**TASK PROMPT**
Of all the lines below, output only those starting at the one with "Dviejų dalių seminaras" and ending at the one with "バッテリー　M-42【GS YUASA】の画像", both ends included, exactly as written.

Source records:
###

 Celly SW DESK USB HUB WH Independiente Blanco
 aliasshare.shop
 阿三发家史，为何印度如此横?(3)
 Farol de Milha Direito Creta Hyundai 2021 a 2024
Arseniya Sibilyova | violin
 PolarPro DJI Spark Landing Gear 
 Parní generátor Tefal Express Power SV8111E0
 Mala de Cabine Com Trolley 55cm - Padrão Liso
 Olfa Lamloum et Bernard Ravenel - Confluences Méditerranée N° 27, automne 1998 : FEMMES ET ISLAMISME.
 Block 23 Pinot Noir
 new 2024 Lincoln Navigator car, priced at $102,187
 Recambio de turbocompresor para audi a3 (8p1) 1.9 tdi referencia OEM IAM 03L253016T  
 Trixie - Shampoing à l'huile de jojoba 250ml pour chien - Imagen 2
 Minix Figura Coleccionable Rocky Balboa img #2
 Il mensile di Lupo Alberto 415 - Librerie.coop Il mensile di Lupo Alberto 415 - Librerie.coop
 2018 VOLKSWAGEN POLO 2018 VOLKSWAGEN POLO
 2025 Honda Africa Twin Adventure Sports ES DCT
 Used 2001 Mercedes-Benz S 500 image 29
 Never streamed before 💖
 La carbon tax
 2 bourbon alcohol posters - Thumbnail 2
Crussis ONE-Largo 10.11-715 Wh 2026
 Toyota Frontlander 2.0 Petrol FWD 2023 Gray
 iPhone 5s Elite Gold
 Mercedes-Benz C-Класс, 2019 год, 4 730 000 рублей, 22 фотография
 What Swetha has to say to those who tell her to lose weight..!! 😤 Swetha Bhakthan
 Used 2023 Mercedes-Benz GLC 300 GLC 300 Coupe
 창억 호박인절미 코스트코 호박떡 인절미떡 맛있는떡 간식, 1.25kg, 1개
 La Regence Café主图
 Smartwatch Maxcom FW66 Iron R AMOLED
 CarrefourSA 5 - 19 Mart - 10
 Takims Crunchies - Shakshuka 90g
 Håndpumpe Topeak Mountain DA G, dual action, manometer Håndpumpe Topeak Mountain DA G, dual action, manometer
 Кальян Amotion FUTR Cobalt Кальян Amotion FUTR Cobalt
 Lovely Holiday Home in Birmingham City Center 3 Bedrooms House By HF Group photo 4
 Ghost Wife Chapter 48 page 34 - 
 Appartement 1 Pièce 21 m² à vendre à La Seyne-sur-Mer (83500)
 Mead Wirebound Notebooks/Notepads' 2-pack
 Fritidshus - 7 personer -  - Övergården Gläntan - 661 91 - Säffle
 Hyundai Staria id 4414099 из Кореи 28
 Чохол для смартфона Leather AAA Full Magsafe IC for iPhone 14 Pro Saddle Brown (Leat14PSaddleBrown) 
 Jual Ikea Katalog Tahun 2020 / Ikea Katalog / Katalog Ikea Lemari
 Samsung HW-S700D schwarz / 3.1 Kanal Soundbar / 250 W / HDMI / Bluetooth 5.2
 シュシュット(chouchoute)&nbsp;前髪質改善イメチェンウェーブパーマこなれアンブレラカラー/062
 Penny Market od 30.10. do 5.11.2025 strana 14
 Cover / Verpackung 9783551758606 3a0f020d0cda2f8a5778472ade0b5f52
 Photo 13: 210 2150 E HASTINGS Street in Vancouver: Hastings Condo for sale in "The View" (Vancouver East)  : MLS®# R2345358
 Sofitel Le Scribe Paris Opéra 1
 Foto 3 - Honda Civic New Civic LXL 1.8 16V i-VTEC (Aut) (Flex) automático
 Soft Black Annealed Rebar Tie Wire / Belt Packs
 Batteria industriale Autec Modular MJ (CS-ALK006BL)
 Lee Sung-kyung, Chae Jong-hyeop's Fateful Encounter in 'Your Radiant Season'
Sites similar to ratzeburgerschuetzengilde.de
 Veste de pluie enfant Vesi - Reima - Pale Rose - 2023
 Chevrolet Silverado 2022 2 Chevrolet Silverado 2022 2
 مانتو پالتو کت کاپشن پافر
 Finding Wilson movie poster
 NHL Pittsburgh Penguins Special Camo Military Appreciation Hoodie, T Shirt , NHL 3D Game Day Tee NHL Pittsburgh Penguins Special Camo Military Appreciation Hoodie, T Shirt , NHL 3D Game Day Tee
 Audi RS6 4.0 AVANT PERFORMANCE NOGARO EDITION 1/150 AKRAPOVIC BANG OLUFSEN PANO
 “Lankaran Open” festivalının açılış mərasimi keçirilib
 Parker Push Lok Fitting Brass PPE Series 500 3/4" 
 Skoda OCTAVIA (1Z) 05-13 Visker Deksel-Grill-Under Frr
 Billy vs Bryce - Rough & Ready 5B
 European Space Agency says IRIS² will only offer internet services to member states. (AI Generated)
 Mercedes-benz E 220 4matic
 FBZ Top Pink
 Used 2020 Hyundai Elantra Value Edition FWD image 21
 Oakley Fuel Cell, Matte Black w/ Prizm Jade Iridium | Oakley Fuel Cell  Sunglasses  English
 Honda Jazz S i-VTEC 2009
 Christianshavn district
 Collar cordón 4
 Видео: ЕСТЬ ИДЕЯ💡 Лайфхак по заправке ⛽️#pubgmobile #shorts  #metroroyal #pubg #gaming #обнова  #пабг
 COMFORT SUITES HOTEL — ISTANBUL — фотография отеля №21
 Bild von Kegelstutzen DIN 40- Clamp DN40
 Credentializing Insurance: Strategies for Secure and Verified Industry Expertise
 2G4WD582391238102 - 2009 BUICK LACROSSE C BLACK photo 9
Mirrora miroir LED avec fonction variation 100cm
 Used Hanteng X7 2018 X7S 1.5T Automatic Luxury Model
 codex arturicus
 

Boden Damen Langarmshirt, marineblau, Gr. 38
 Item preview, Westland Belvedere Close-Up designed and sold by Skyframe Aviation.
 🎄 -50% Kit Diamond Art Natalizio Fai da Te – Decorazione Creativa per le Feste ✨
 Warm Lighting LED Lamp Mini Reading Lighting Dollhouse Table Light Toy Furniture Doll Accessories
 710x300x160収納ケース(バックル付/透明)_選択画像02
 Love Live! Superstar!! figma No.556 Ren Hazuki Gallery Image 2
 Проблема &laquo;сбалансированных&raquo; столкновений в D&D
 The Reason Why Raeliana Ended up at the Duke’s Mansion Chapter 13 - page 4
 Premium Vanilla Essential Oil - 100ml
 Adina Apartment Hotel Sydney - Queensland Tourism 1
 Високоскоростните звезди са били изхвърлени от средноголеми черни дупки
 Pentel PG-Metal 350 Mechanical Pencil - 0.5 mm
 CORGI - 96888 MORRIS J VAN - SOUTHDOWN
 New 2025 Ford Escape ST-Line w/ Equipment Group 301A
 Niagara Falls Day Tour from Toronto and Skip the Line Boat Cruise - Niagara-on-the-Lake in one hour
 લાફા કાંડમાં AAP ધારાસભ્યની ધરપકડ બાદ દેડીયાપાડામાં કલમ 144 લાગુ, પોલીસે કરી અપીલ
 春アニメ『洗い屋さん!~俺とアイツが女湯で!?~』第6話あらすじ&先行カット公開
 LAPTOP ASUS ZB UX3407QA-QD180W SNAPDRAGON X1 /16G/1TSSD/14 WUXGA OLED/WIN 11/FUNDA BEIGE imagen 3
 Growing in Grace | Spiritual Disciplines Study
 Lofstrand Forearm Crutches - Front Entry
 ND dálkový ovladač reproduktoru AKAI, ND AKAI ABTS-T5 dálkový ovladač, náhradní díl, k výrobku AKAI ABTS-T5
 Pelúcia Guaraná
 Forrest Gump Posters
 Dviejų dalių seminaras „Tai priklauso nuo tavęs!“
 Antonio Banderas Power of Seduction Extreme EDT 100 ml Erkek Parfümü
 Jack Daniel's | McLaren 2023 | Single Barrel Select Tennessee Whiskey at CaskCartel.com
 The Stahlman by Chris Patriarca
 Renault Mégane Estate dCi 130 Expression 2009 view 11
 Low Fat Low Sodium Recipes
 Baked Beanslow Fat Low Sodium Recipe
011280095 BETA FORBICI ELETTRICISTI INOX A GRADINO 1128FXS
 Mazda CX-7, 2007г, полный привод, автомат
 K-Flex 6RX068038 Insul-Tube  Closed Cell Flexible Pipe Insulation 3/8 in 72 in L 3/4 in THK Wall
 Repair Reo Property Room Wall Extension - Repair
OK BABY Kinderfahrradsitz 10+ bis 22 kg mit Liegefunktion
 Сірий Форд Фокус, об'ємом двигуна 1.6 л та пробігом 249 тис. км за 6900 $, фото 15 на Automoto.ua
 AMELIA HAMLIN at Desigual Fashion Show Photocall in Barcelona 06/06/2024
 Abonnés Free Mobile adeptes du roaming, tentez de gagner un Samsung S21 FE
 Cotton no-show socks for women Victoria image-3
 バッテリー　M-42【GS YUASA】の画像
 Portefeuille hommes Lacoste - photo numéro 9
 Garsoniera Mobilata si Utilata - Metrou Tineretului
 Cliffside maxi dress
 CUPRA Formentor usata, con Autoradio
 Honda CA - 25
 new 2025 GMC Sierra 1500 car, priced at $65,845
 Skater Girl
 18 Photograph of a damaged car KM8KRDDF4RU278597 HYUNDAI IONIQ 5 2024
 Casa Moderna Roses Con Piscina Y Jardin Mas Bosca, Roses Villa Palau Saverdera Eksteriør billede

###

**RESPONSE**
 Dviejų dalių seminaras „Tai priklauso nuo tavęs!“
 Antonio Banderas Power of Seduction Extreme EDT 100 ml Erkek Parfümü
 Jack Daniel's | McLaren 2023 | Single Barrel Select Tennessee Whiskey at CaskCartel.com
 The Stahlman by Chris Patriarca
 Renault Mégane Estate dCi 130 Expression 2009 view 11
 Low Fat Low Sodium Recipes
 Baked Beanslow Fat Low Sodium Recipe
011280095 BETA FORBICI ELETTRICISTI INOX A GRADINO 1128FXS
 Mazda CX-7, 2007г, полный привод, автомат
 K-Flex 6RX068038 Insul-Tube  Closed Cell Flexible Pipe Insulation 3/8 in 72 in L 3/4 in THK Wall
 Repair Reo Property Room Wall Extension - Repair
OK BABY Kinderfahrradsitz 10+ bis 22 kg mit Liegefunktion
 Сірий Форд Фокус, об'ємом двигуна 1.6 л та пробігом 249 тис. км за 6900 $, фото 15 на Automoto.ua
 AMELIA HAMLIN at Desigual Fashion Show Photocall in Barcelona 06/06/2024
 Abonnés Free Mobile adeptes du roaming, tentez de gagner un Samsung S21 FE
 Cotton no-show socks for women Victoria image-3
 バッテリー　M-42【GS YUASA】の画像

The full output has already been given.